While this doesn’t constitute a proof, it turns out that it holds more generally. Thus:

\[{\left( {A \cdot B} \right)^T} = {B^T} \cdot {A^T}\]

Symmetric matrices

A symmetric matrix is one whose transpose equals itself. That is, matrix A is symmetric if:

\[{A^T} = A\]

And by the equivalence of matrices (as stated above) A and its transpose are of the same dimensions, but this can only happen if A is a square matrix. That is, A has the same number of rows and columns and the off-diagonal elements match. For example:

\[A = \left( {\begin{array}{*{20}{c}} 1&{ – 1}&4\\ { – 1}&2&5\\ 4&5&3 \end{array}} \right)\]

is a symmetric matrix.

Diagonal matrices

A diagonal matrix is a sqaure matrix whose off-diagonal entries are all zero. For example:

\[A = \left( {\begin{array}{*{20}{c}} 2&0&0\\ 0&3&0\\ 0&0&{ – 2} \end{array}} \right)\]

is diagonal.

The identity matrix

A very special diagonal matrix is the identity matrix. This is simply a diagonal matrix whose diagonal entries are all unity (ie. 1). For example, the 3 x 3 identity matrix is:

\[{I_3} = \left( {\begin{array}{*{20}{c}} 1&0&0\\ 0&1&0\\ 0&0&1 \end{array}} \right)\]

The null matrix

A null matrix is any matrix whose elements are all zero.

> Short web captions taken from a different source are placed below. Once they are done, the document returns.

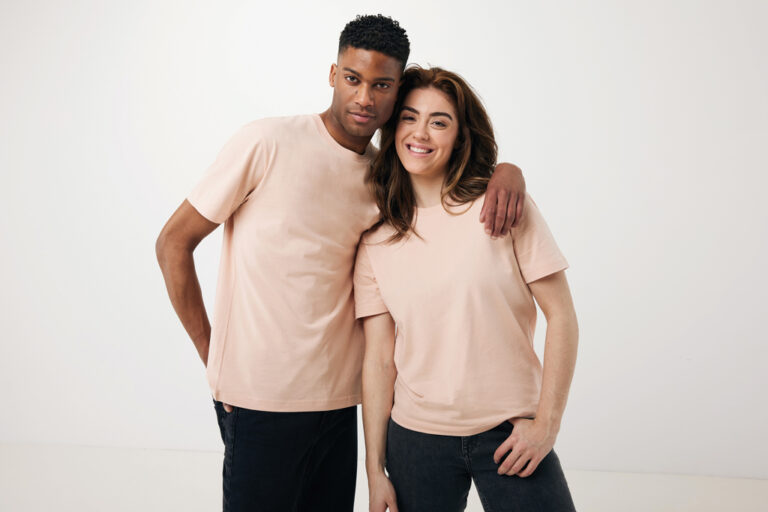 Teide recycled cotton t-shirt, peach nectar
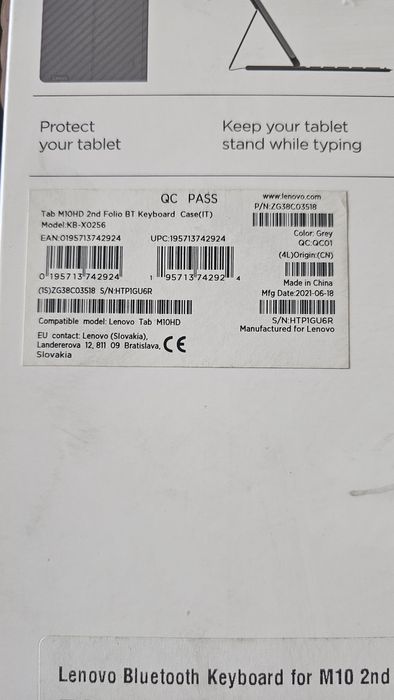 Husa cu tastatura Lenovo Tab M1OHD 2nd Folio BT Keyboard Case(IT)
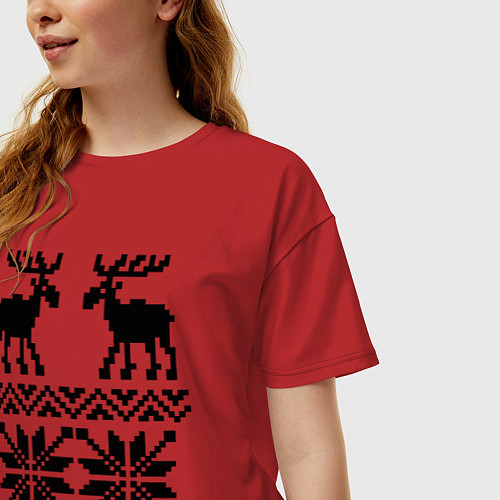 Женская футболка оверсайз Узор с оленями / Красный – фото 3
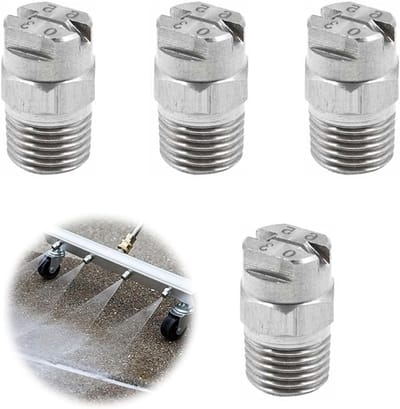 Vervangende Spuitmonden voor Hogedrukreiniger - 4 Stuks RVS, 1/4 BSPT, 65 Graden, 1.1mm Gatdiameter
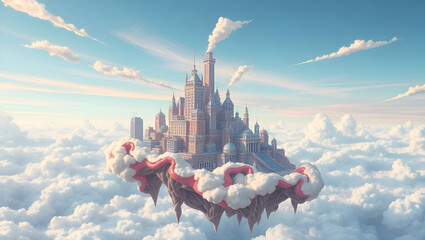 Floating metropolis towers above the clouds, with ornate domes and spires, connected to misty skies in a dreamlike world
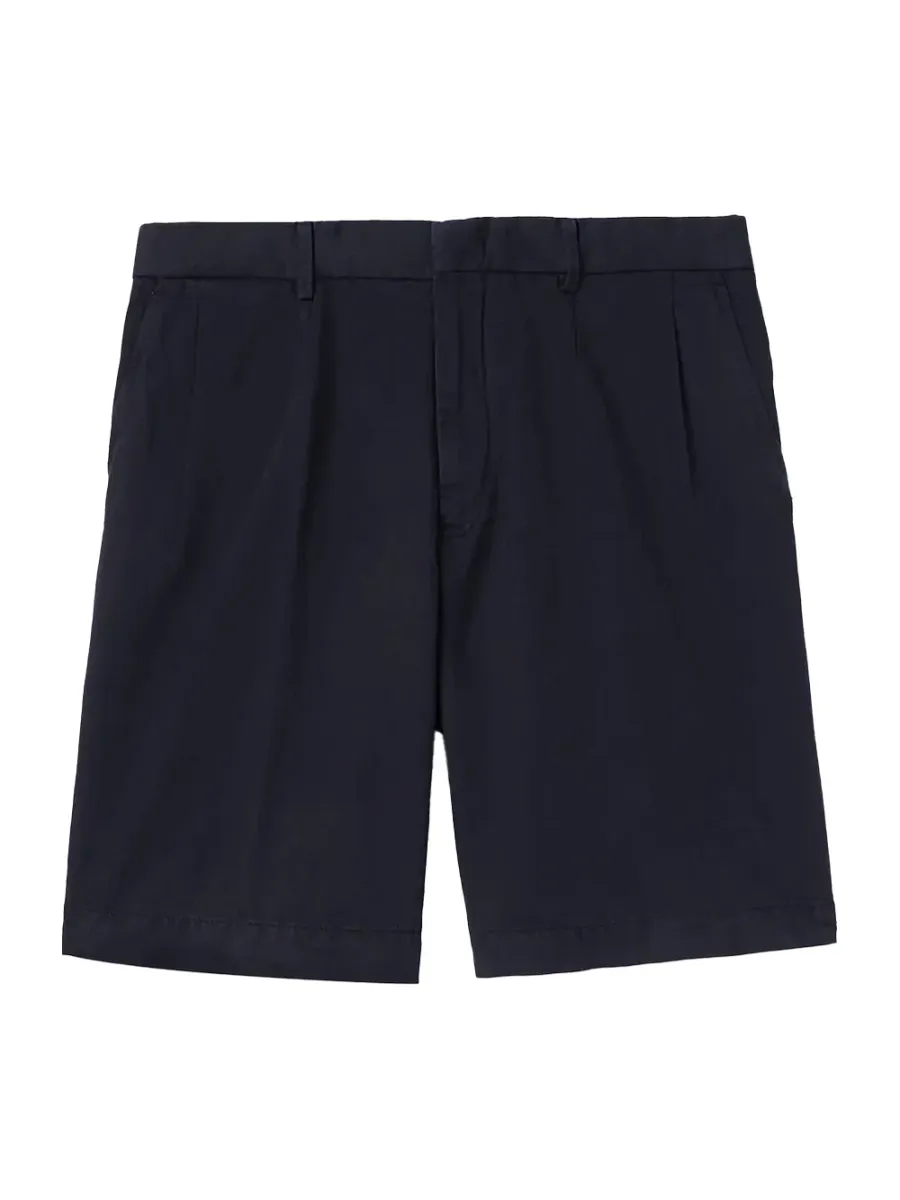 Straight-Leg Pleated Shorts Navy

Similarities and differences with ordinary arithmetic

The null and identity matrices work like the numbers zero and one in ordinary arithmetic. This is easy to see. For example, in ordinary arithmetic \(a – a = 0\).

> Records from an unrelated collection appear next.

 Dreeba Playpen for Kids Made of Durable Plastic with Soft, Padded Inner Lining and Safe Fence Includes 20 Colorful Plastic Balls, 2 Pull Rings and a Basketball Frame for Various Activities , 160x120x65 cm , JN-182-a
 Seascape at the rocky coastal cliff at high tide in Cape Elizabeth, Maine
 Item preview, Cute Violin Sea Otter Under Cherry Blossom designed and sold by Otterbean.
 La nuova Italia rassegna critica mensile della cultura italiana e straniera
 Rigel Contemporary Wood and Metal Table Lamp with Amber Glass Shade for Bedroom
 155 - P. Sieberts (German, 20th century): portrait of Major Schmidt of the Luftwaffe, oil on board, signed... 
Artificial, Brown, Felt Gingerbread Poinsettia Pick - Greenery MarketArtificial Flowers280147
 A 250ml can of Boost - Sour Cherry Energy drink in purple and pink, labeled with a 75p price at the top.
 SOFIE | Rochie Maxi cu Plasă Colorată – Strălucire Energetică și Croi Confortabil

The matrix equivalent is \(A – A\) which of course is a matrix of zeros – a null matrix.

In ordinary arithmetic, a number multiplied by 1 is unchanged. In matrix algebra, a matrix multiplied by a conformable identity matrix is similarly left unchanged. That is, \(A \cdot I = A\).

Furthermore, if A is a square matrix, then \(A \cdot I = I \cdot A = A\).

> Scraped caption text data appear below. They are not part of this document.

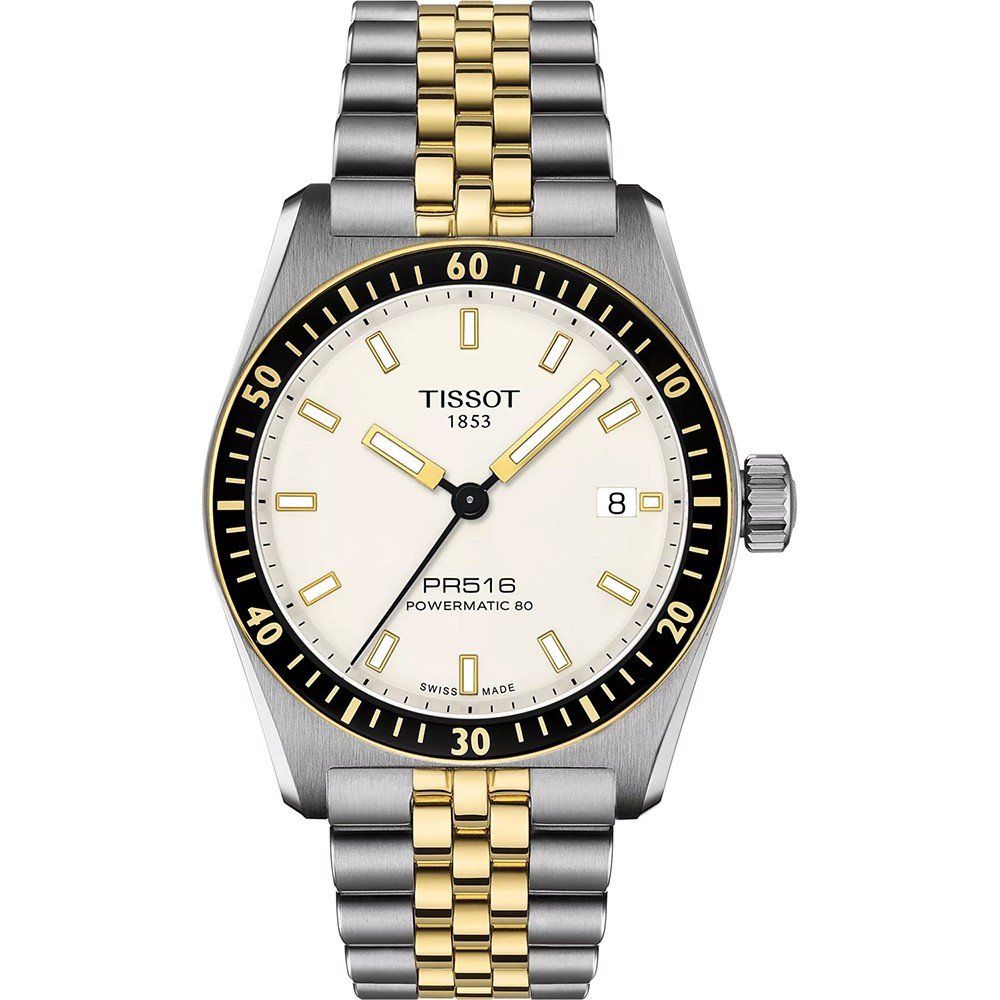 Reloj Tissot PR516 con caja de acero inoxidable, esfera blanca, bisel negro y pulsera bicolor.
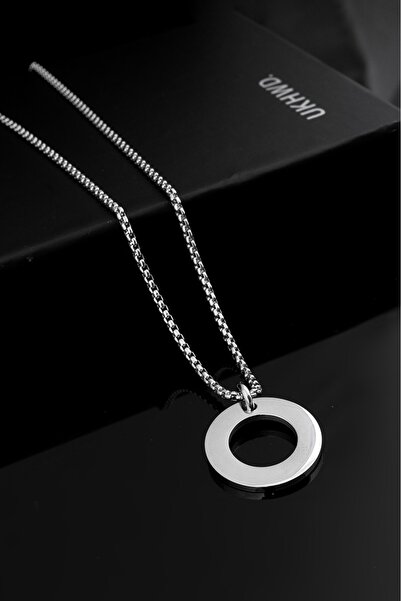 UKHWD SUPPLY Circle Steel Plate Necklace Ka1004Gm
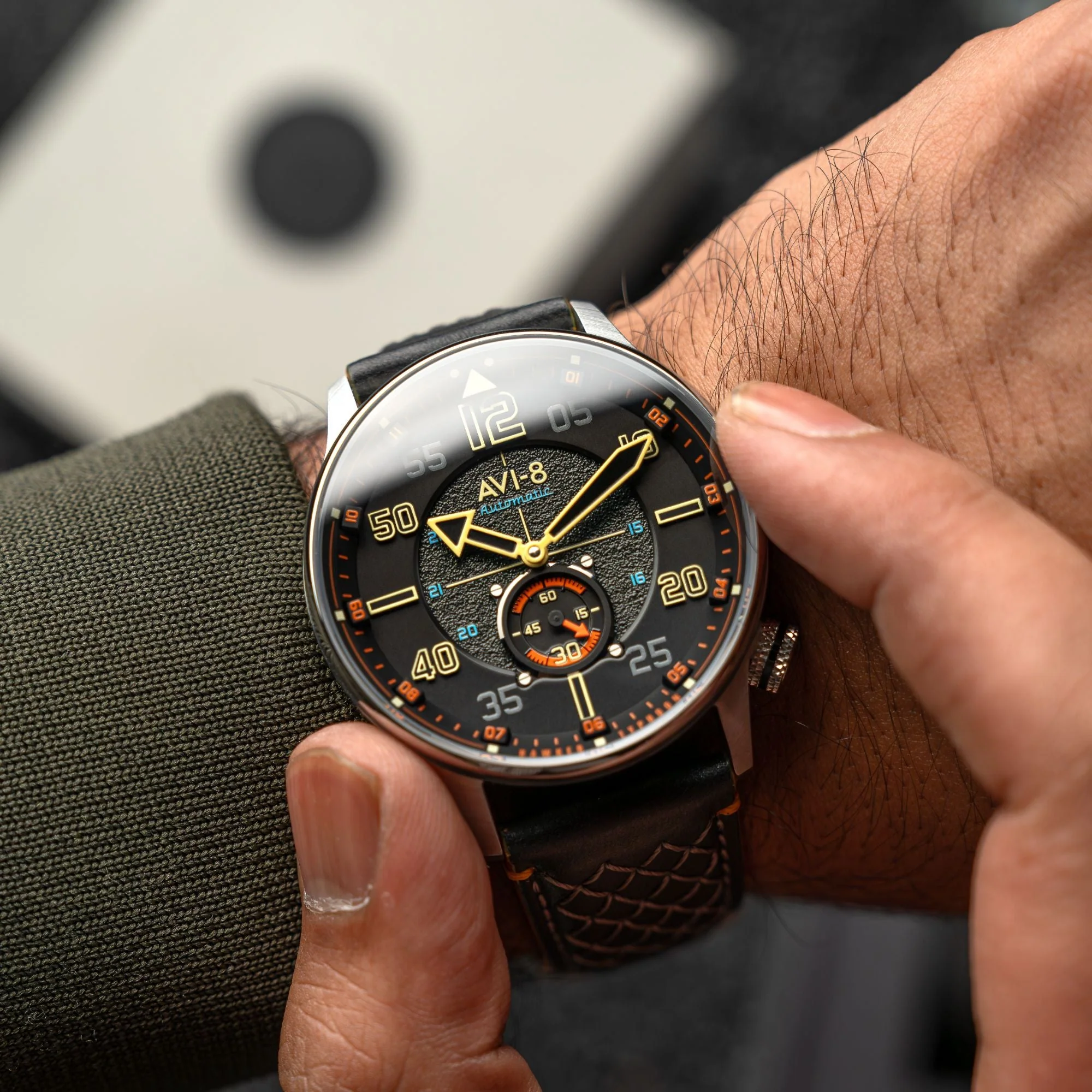 Hawker Typhoon Baldwin Automatic Black / Black Leather | Black Dial - Image 2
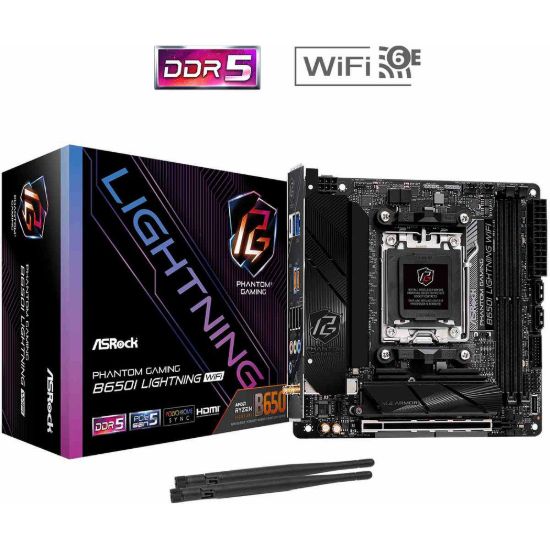 Obrázek ASRock MB Sc AM5 B650I LIGHTNING WIFI, AMD B650, 2xDDR5, 1xHDMI, Mini- ITX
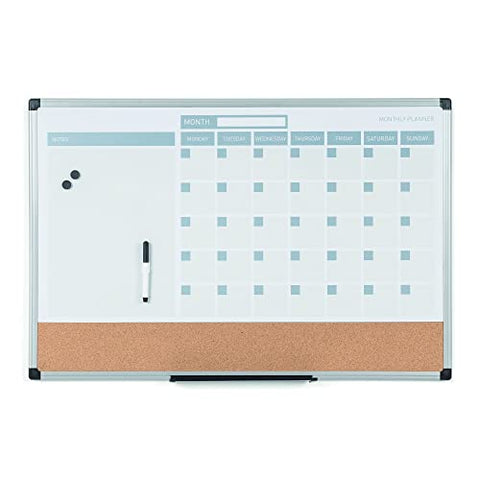 MasterVision 3-in-1 Dry-Erase Calendar Planner Board 24 Inches x 36 Inches Silver Frame Bulletin Board Whiteboard and Planning Board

Some of the rules of ordinary arithmetic carry over to matrices, others do not. For example, matrix addition and subtraction are commutative (\(A \pm B = B \pm A\)) whereas, in general matrix multiplication is not (\(A \cdot B \ne B \cdot A\)). Matrix addition and multiplication are however, associatve. That is:

\[A + \left( {B + C} \right) = \left( {A + B} \right) + C\]

and

\[A \cdot \left( {B \cdot C} \right) = \left( {A \cdot B} \right) \cdot C\]

Powers of a matrix

In ordinary arithmetic,

\[{a^m} = \underbrace {a \cdot a \cdot a \cdot \ldots \cdot a}_{m{\rm{ times}}}\]

for integer m.

The same (almost) applies for matrices:

\[{A^m} = \underbrace {A \cdot A \cdot A \cdot \ldots \cdot A}_{m{\rm{ times}}}\]

but this can only work if A is square. For example: if

\[A = \left( {\begin{array}{*{20}{c}} 2&{ – 1}\\ 3&1 \end{array}} \right)\]

Then:

\[{A^2} = \left( {\begin{array}{*{20}{c}} 1&{ – 3}\\ 9&{ – 2} \end{array}} \right)\]

\[{A^3} = \left( {\begin{array}{*{20}{c}} { – 7}&{ – 4}\\ {12}&{ – 11} \end{array}} \right)\]

and so on.

You might be wondering if this works for negative exponents (eg: \({A^{ – 2}}\)) as well as fractional exponents (eg: \({A^{ – 0.5}}\) ). Turns out it does \({A^{ – 2}} = \frac{1}{{25}}\left( {\begin{array}{*{20}{c}}{ – 2}&3\\{ -9}&1\end{array}} \right)\)) and (\({A^{ – 0.5}} = \left( {\begin{array}{*{20}{c}}{0.5294321}&{0.1636035}\\{ -0.4908105}&{0.6930356}\end{array}} \right)\) but that’s beyond the scope of this introduction.

Matrix inverse

We said earlier that matrix ‘division’ is undefined. That’s not strictly true, it’s just that the equivalent process in matrix algebra is not called division – it’s called finding the inverse of a matrix.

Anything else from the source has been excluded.